* YOUR OBJECTIVE *
Copy out again, unchanged, the listing below from the line that has "Buy_Joy Mitra_Blue Chanderi" through the line that has "143E Necklace To".

* EXTRACTED MATERIAL *
=== Section Start ===
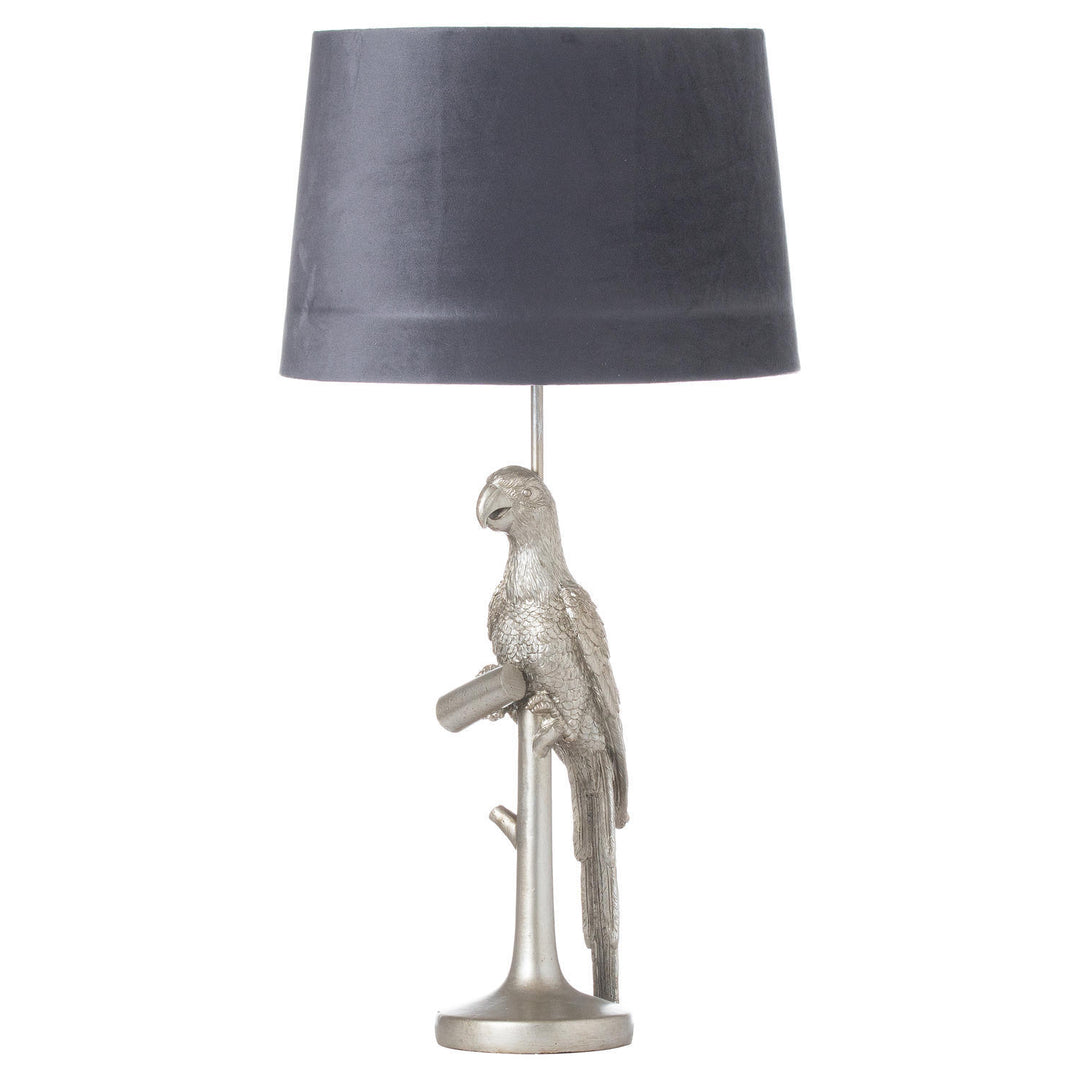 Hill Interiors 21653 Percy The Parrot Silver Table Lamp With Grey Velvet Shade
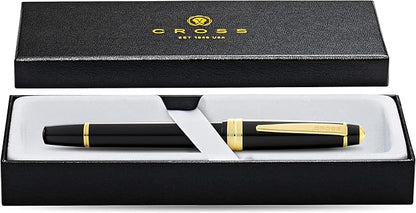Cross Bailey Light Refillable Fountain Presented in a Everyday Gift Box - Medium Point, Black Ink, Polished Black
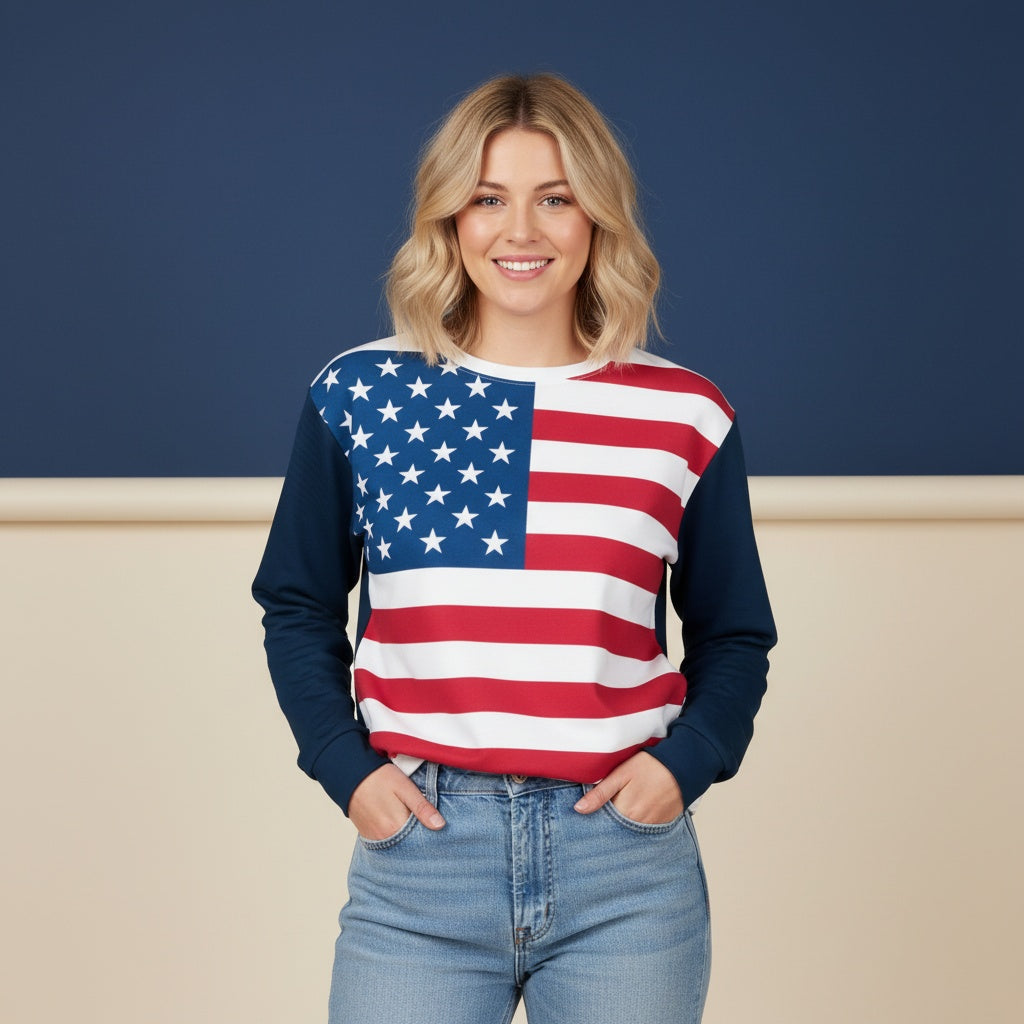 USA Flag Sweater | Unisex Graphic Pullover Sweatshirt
=== Section End ===
=== Section Start ===
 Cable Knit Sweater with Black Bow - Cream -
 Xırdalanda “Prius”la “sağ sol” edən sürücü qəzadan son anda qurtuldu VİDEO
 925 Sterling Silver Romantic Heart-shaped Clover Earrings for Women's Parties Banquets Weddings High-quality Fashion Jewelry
=== Section End ===
=== Section Start ===
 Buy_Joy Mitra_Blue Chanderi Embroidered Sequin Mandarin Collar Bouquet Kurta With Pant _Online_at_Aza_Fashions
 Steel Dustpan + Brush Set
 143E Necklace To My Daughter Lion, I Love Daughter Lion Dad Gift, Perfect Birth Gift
=== Section End ===
* RESULT FOR THIS TASK *
 Buy_Joy Mitra_Blue Chanderi Embroidered Sequin Mandarin Collar Bouquet Kurta With Pant _Online_at_Aza_Fashions
 Steel Dustpan + Brush Set
 143E Necklace To My Daughter Lion, I Love Daughter Lion Dad Gift, Perfect Birth Gift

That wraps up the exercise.